What Every Indian Can Do: Five Levels of Citizen Action
- Personal level: Support organizations that deploy health workers in tribal and conflict-affected districts. Jan Swasthya Abhiyan (People’s Health Movement), Community Health Resource Centre, and Ekjut (Jharkhand) are NGOs that train community health workers in underserved districts and have documented impact on maternal and child health outcomes. Donating to or volunteering with these organizations addresses the same health equity gap that Sen’s career was focused on.
- RWA/building level: If your housing community includes medical professionals, encourage them to volunteer with rural health camps in tribal districts. Tribal health camps organized by CMC Vellore, AIIMS, and state government medical colleges do operate in underserved areas – connection with a resident doctor can get information on how to participate.
- Ward/local body level: Monitor the doctor vacancy rates in your district’s government health facilities. File RTI applications with your district collector or Chief Medical Officer asking: how many MBBS doctor positions are sanctioned versus filled in PHCs in your district? Post vacancy rates in tribal blocks are typically 40-70%. This data, once public, creates pressure to fill posts.

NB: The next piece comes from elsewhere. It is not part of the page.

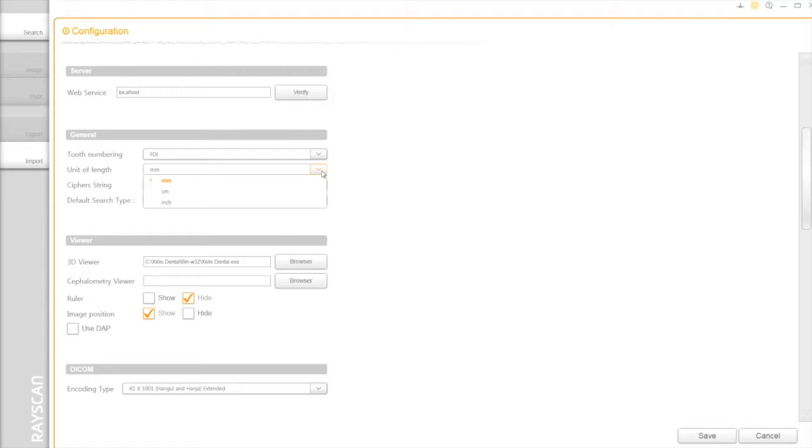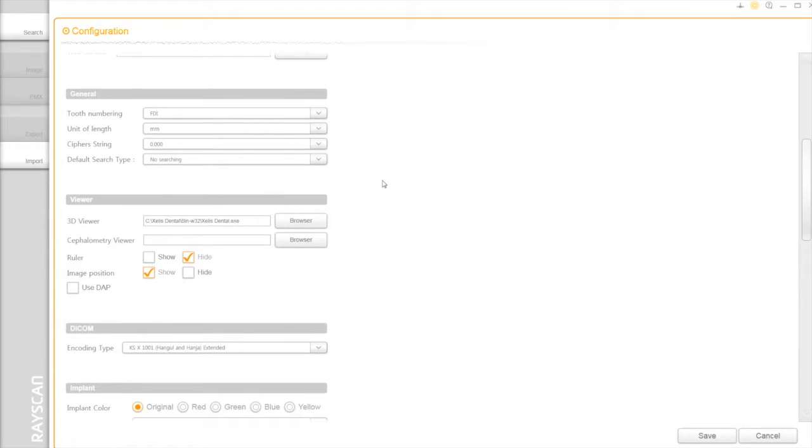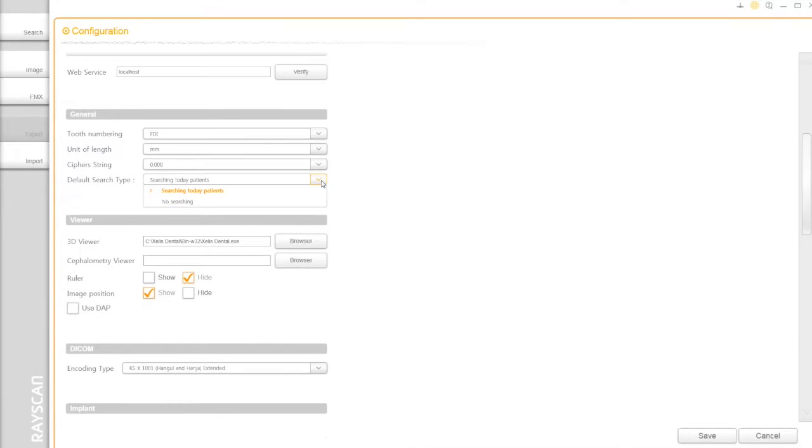The default unit is millimeter, but you can change it any time. Below that, you can select the search type either today or no search at the beginning.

- City/state level: Advocate for state governments to enforce PESA (Panchayats Extension to Scheduled Areas Act, 1996), which gives gram sabhas in Schedule V areas authority over minor forest produce, local plans, and social sector programs. PESA-compliant governance would give Adivasi communities more say over how health budgets are spent in their areas – reducing the dependence on individual champions like Sen to advocate on their behalf.
- National level: Support a national Sickle Cell Mission that goes beyond the announcements made in Budget 2023. Ask your MP to raise in the national legislature: how many sickle cell screening camps have been conducted in each tribal district? What is the treatment protocol and are medicines (hydroxyurea) accessible in tribal PHCs? The government announced a national elimination target by 2047 – citizens should demand accountability on the annual milestones.
The Structural Lesson
Binayak Sen’s case does not lend itself to simple moral conclusions – the legal proceedings are formally unresolved, and the security context in which the arrests occurred was genuinely dangerous. What is not in dispute is the public health need that Sen spent his career addressing, the documented effectiveness of the civil liberties frameworks he advocated for through PUCL, and the chilling effect that cases like his have on doctors and health workers considering service in conflict-zone districts.

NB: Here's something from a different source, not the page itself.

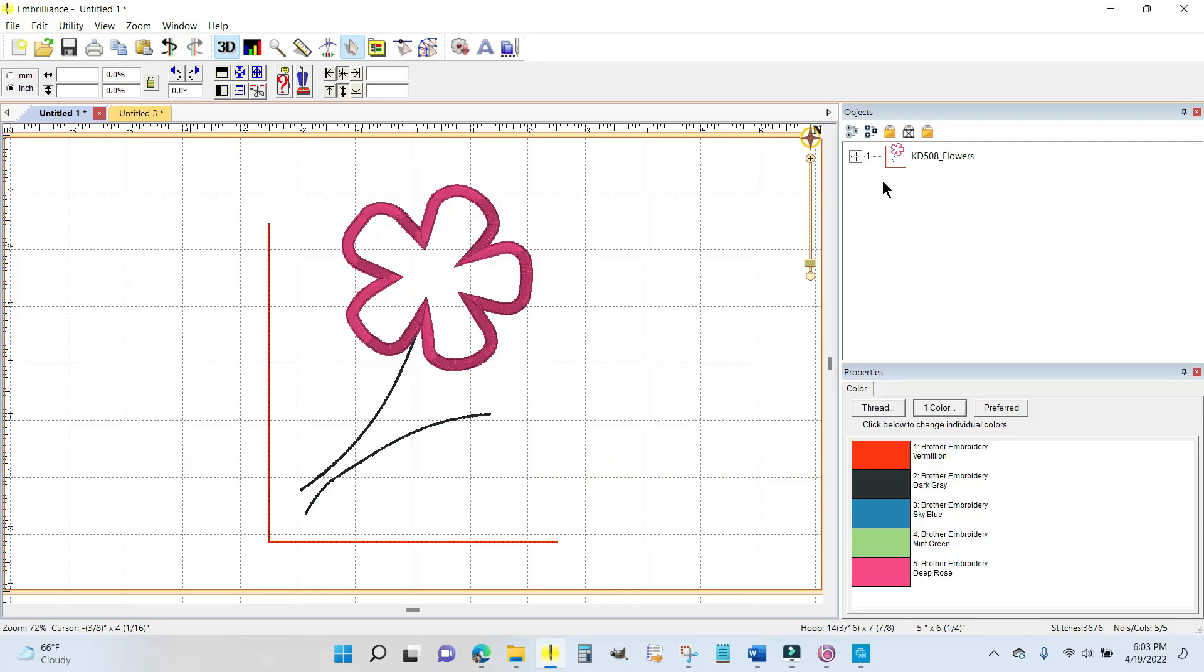I'm getting ready to do the embroidery for the four corners of the May Kimberbell Cuties table topper.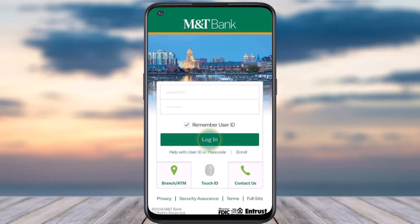How to enroll with Zelle on your M&T Bank. Hey everyone, welcome back to another tutorial video. In today's video, I'll show you how you can enroll with Zelle and start sending, requesting, or splitting money between friends and family on your M&T Bank.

India cannot build functional primary health care in its underserved tribal districts if the doctors willing to work there face legal risk for their advocacy. The two things are not separable. Health equity in Chhattisgarh, Jharkhand, and Odisha requires doctors, community health workers, and civil society organizations working together – and all of them must be able to operate without the threat of sedition charges for treating patients whose political sympathies are contested. Rwanda learned this after its own catastrophe. India needs to learn it without one.